3.3.1. Measurement of dietary diversity

Following FAO (2010), food items were categorized into 12 different food groups with each food group counting toward the household score if a food item from the group was consumed by anyone in the household in the previous 24 hours. The food groups used to calculate this HDDS included: cereals; white tubers and roots; legumes, nuts, and seeds; vegetables; fruits; meat; eggs; fish and fish products; milk and milk products; sweets and sugars; oils and fats; and spices, condiments, and beverages. Thus, the HDDS is a continuous score that can range from 0 to 12 based on whether the household consumed each of the following 12 food groups (FAO, 2007).
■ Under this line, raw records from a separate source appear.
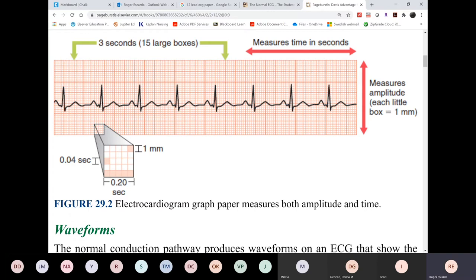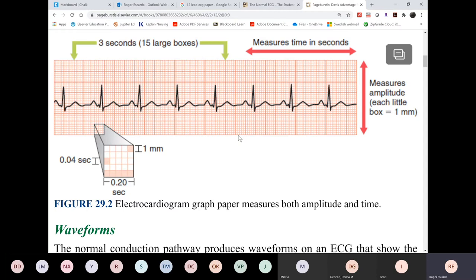We need a minimum of six seconds in order to interpret a rhythm. Why six seconds? Because one minute has 60 seconds — if you put a six-second strip, you count whatever heartbeats are there and multiply by 10 to get one minute. It's not practical to analyze a 60-second strip — that's extremely long and you don't have the space or time at the nurse's station. So we need only a minimum of six seconds — print a six-second strip from the monitor station, cut it, and that's what you analyze.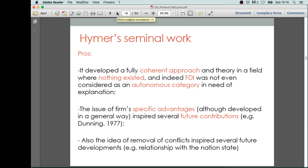The main advantages of this theory are that it is developed in a fully coherent approach, and also it was a theory in a field that was not yet existing — the concept of foreign direct investment is introduced by Hymer himself. Secondly, the idea of specific advantages associated with FDI is an idea that will last over time and will be exploited by other authors such as Dunning, whom we will study in future classes. Also, the idea of removal of conflicts inspired several future developments, such as the approach based on the national state.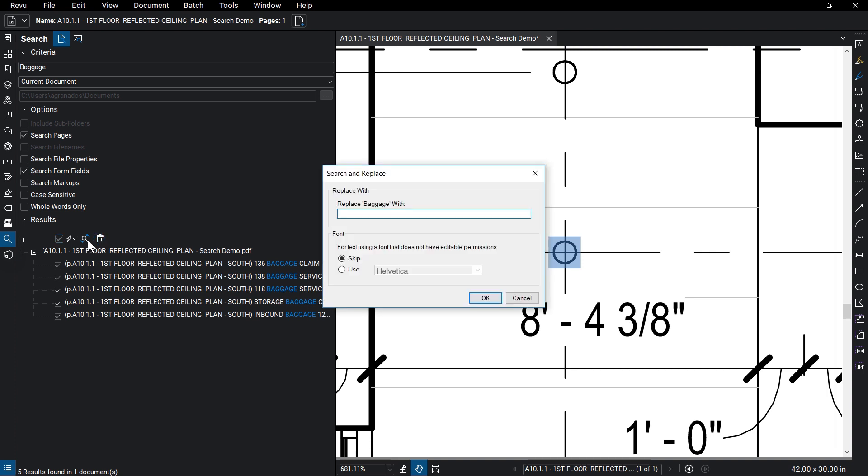The Search and Replace dialog box will appear. This is where you can input the term you want to replace the search result with, and what font to use if the document's font can't be used. Then click OK when you're done.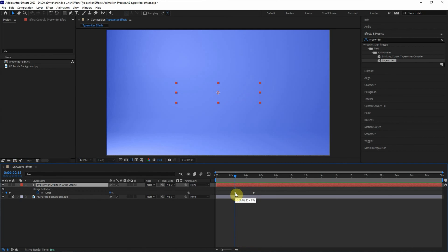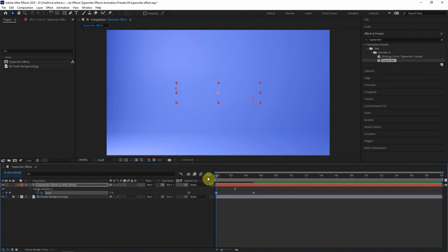Actually, we can adjust the keyframe to control the speed. Press it again to preview. So it is slower.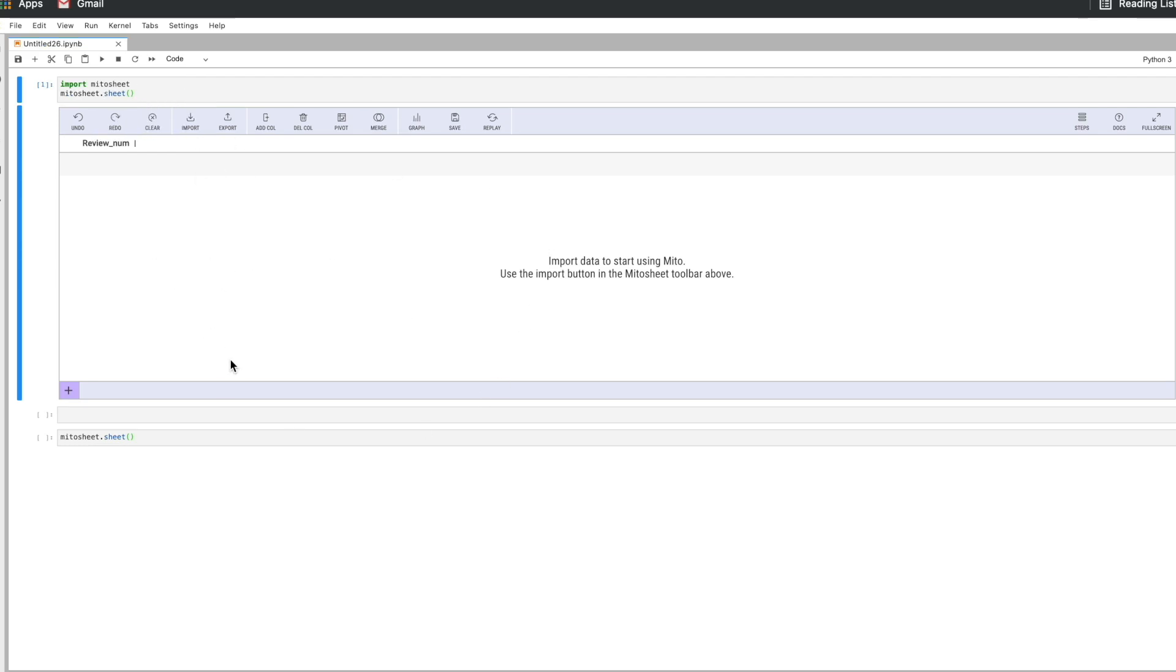We're using JupyterLab and every edit we make in this front end, as we call in our data and we edit the data, every edit we make is going to generate the equivalent Python in the code cell below. So it's a really fast way to get your analysis done and generate Python while you do it.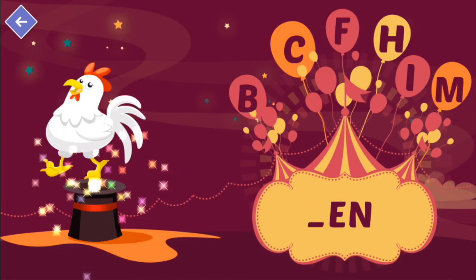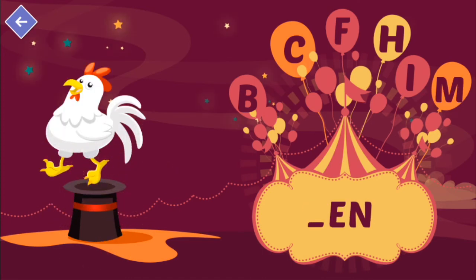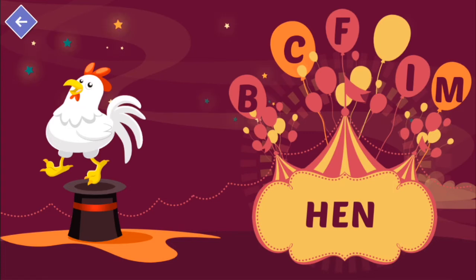Hen begins with the letter H. Awesome! Hen.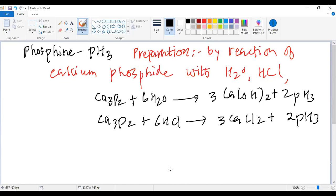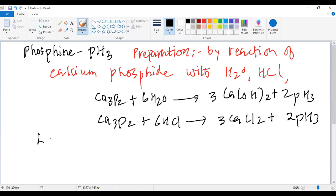This is how we can prepare phosphine. Let us now study about the laboratory preparation of phosphine.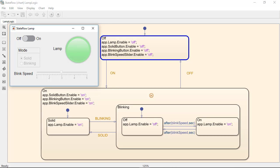When we switch the lamp on in the GUI, the on event is sent to the state flowchart, causing the state machine to leave the off state and enter the on state.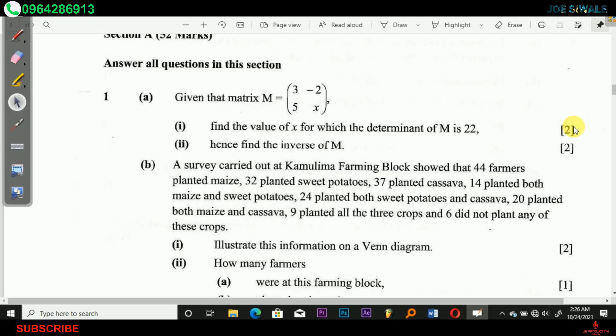Now let's look at question 1B. A survey carried out at Kamulima Farming Block showed that 44 farmers planted maize, 32 planted sweet potatoes, 37 planted cassava, 14 planted both maize and sweet potatoes, 24 planted both sweet potatoes and cassava, 20 planted both maize and cassava, 9 planted all 3 crops, and 6 did not plant any of these crops.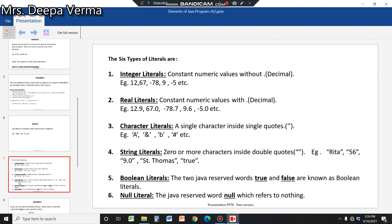First is integer literal: in mathematics, all positive and negative whole numbers are integers, so they are all examples of integer literals. Second is real literal: a real literal always has a decimal value, like 12.9, either positive or negative. Integer and real literals are the two numeric literal types.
This score was then recoded to a three-level categorical variable using some cut-off values indicating low dietary diversity, medium dietary diversity and HDD categories. However, as there is no international consensus on which cut-off values to use (Cordero-Ahiman et al., 2017), we have used HDDS less than or equal to three as low dietary diversity group and between four to six as medium category while HDDS greater than or equal to seven as high diversity score category. That is 1 stands for low HDDS of ≤3 (N = 58); 2 stands for medium HDDS of 4–6 (N = 186); and 3 for high HDDS of 7–12 (N = 64). We have considered HDDS ≤ 3 as low dietary diversity score because as a general rule, consumption of four food groups over 24 hours is considered as good dietary diversity (FAO, 2008).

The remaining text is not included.